» **Exercise goal**: Give back, unaltered, the lines from the one with "Žluté rally auto" to the end of the material, omitting pictures.

» **Given data**:
•••••

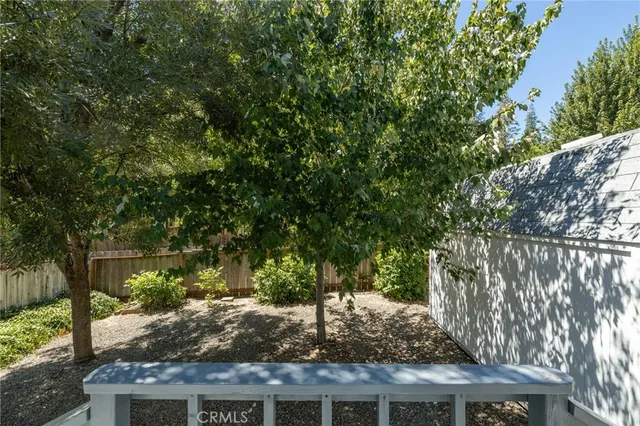 a view of a house with backyard and trees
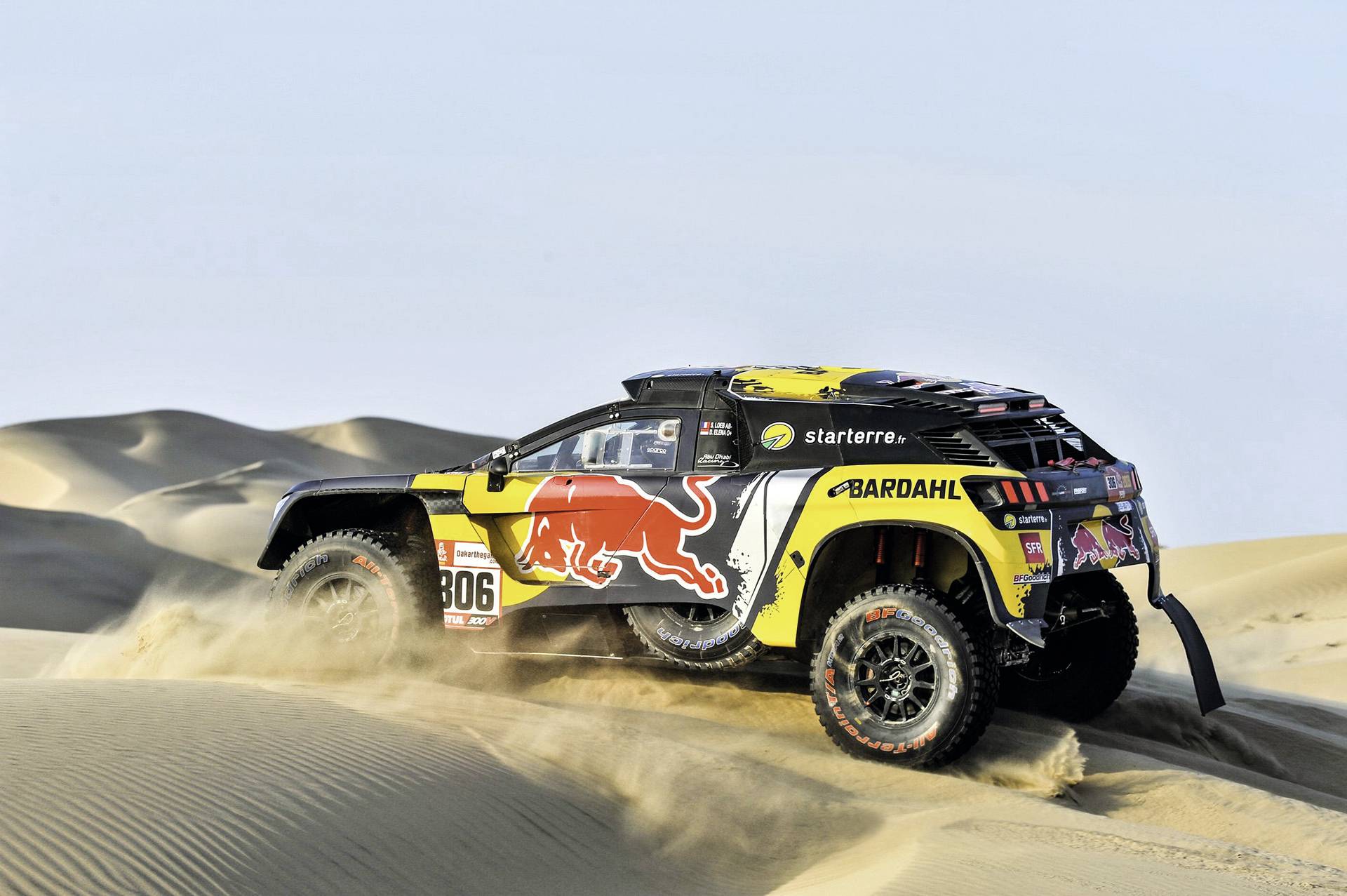 Žluté rally auto s logy 'Bardahl' a 'Red Bull' projíždí pouštní krajinou s vysokými písečnými dunami.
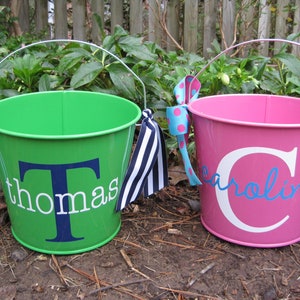 May include: Two personalized metal buckets with handles. The green bucket has a white name "thomas" with a blue "T". The pink bucket has a white name "caroline" with a white "C". Both buckets have black and white striped ribbon handles.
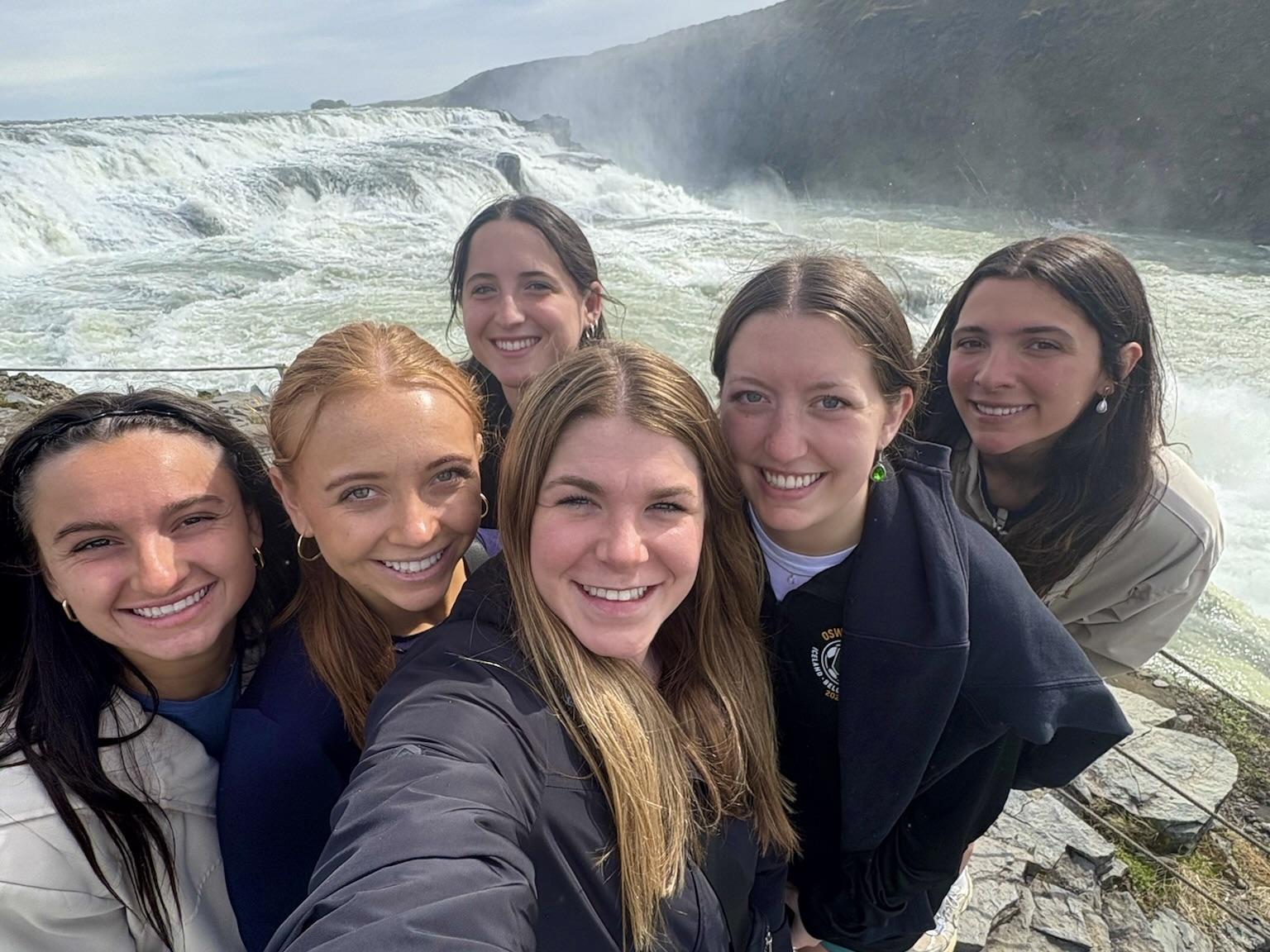 SUNY Oswego's women's soccer team visits the Gullfoss waterfall in Iceland.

•••••

» **Reply**:
 Žluté rally auto s logy 'Bardahl' a 'Red Bull' projíždí pouštní krajinou s vysokými písečnými dunami.
 May include: Two personalized metal buckets with handles. The green bucket has a white name "thomas" with a blue "T". The pink bucket has a white name "caroline" with a white "C". Both buckets have black and white striped ribbon handles.
 SUNY Oswego's women's soccer team visits the Gullfoss waterfall in Iceland.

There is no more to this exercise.